Implementing NRC and Citizenship Bill fraught with challenges

Wednesday 11th December 2019 05:03 EST
 
 

On November 20, Home Minister Amit Shah said the government intends to launch a nationwide National Registry of Citizens (NRC), an ambitious exercise to identify and separate legal citizens and illegal immigrants. Residents will have to produce proof confirming that they were born in India and that their parents were Indian citizens.

The BJP’s intention behind this exercise needs a closer scrutiny. It is important to note that issues like building a Ram Mandir in Ayodhya had increased the party’s popularity and expanded its voter base. The party had promised a countrywide NRC in its manifesto for 2019 elections. According to political observers, the rhetoric of eliminating these immigrants who are mostly Muslims could be music to the ears of BJP’s hard fans. The influx of illegal immigrants to India, especially in states such as Assam, West Bengal and Uttar Pradesh, is a grave concern. A large number of these illegal immigrants reside under a fake identity and many have allegedly become core vote banks for a few political parties. Immediately after the home minister’s statement, West Bengal Chief Minister Mamata Banerjee had vehemently opposed any such move in her state. “No one could take anyone's citizenship away in Bengal,” she had said. But can an all-India NRC address this complex issue?

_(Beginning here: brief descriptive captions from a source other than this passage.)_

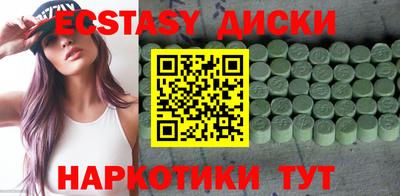 марихуана Обь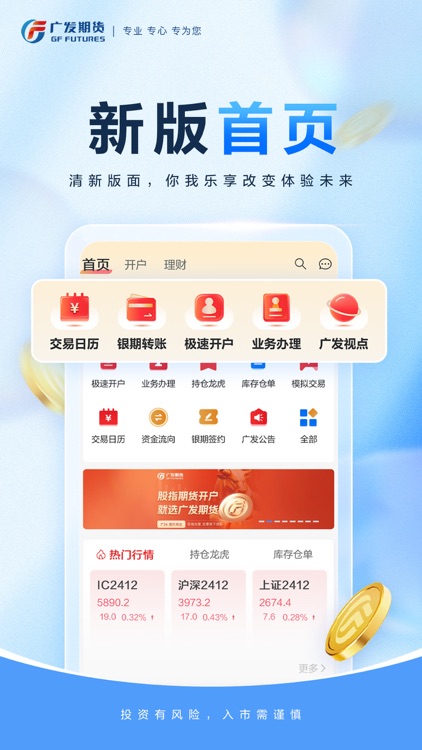 广发期货小添财-投资交易软件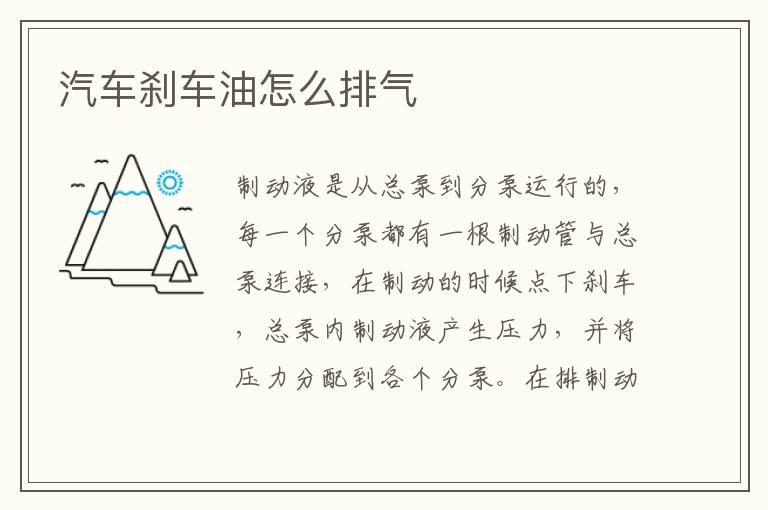 汽车刹车油怎么排气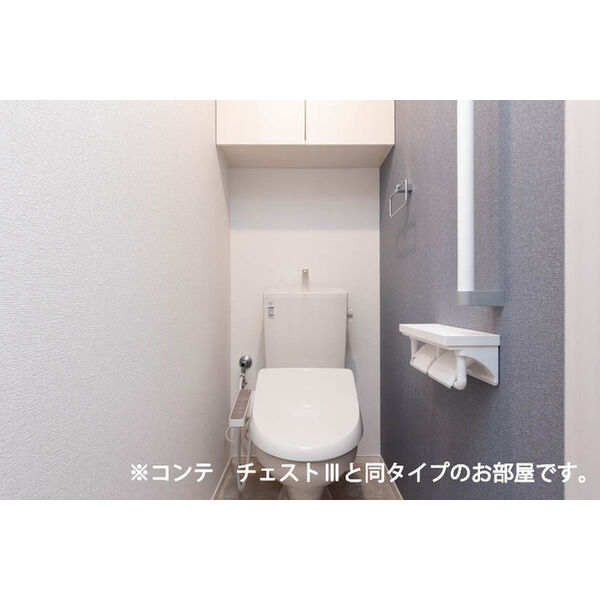エンブレイスⅠ 室内写真4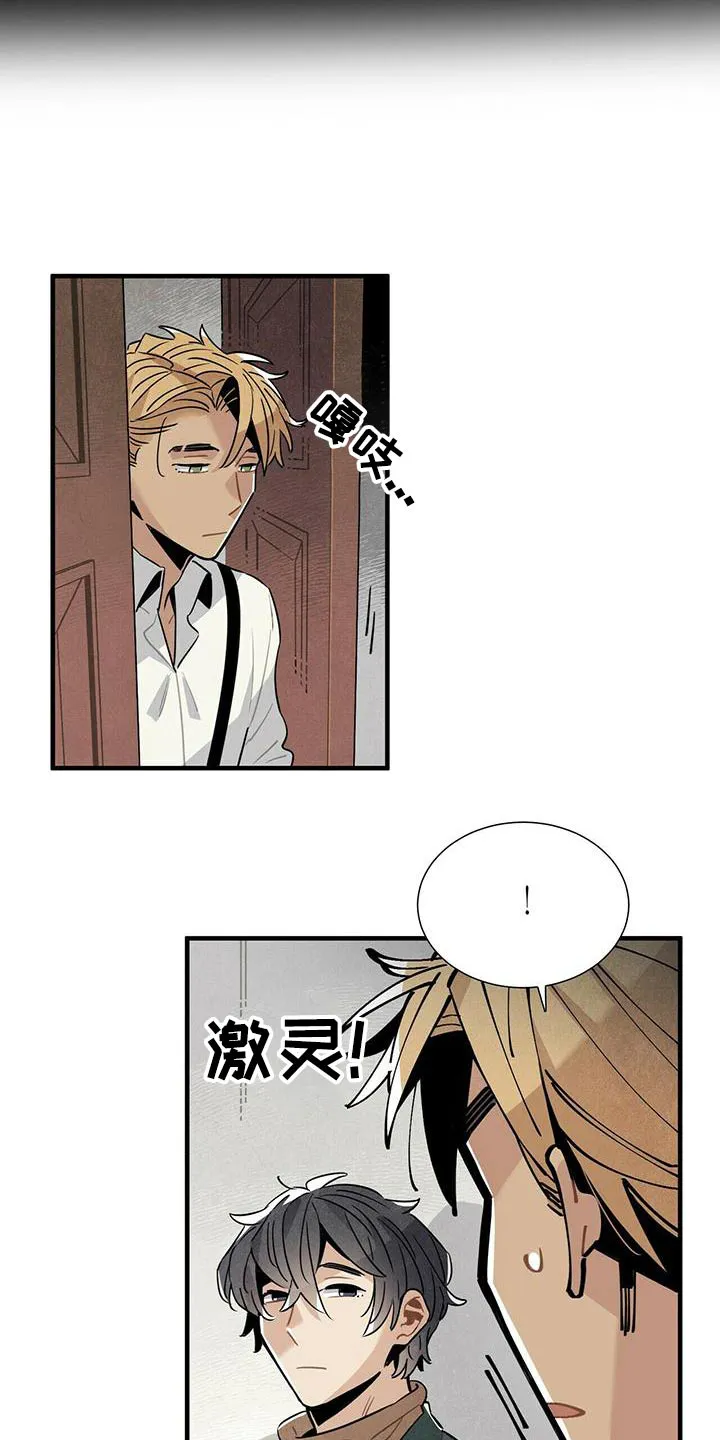 帕鲁斯旅馆漫画漫画,第83章：故意17图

Amit Shah assured that all citizens of India irrespective of religion will figure in the NRC list and that NRC is different from the Citizenship Amendment Bill. "NRC has no such provision which says that certain religions will be excluded from it. All citizens of India irrespective of religion will figure in the NRC list. The NRC is different from Citizenship Amendment Bill," Amit Shah said in his address to the Rajya Sabha. He added, "The process of NRC will be carried out across the country. No one, irrespective of religion should be worried, it is just a process to get everyone under the NRC."

NRC and CAB backers say illegal Muslim settlers have been steadily expanding their footprint across the country. One unofficial estimate puts the number of Rohingya and Bangladeshi Muslims in Jammu alone at 50,000, their numbers having built up over the past decade with the blessings of local politicians, including some from the BJP. Another case is that of about 750 Rohingyas illicitly running a madrasa in Aligarh. They reportedly arrived in Delhi via Kolkata in 2012, and proceeded to Aligarh, where the Deoband network allegedly helped them settle down.

One view is that the BJP brought CAB to accommodate Hindu and other non-Muslim migrants who fled Bangladesh, Pakistan and Afghanistan due to religious persecution, as against Muslim migrants who infiltrated due to economic reasons. Proponents of this view claim pro-Muslim parties and organisations have launched a two-pronged attack to serve their constituency - on the one hand, criticise NRC in an attempt to prevent it from weeding out Muslim infiltrators, and on the other, build pressure on the Modi government to add Muslims to the list of refugees from Pakistan, Bangladesh and Afghanistan who will be eligible for Indian citizenship under CAB.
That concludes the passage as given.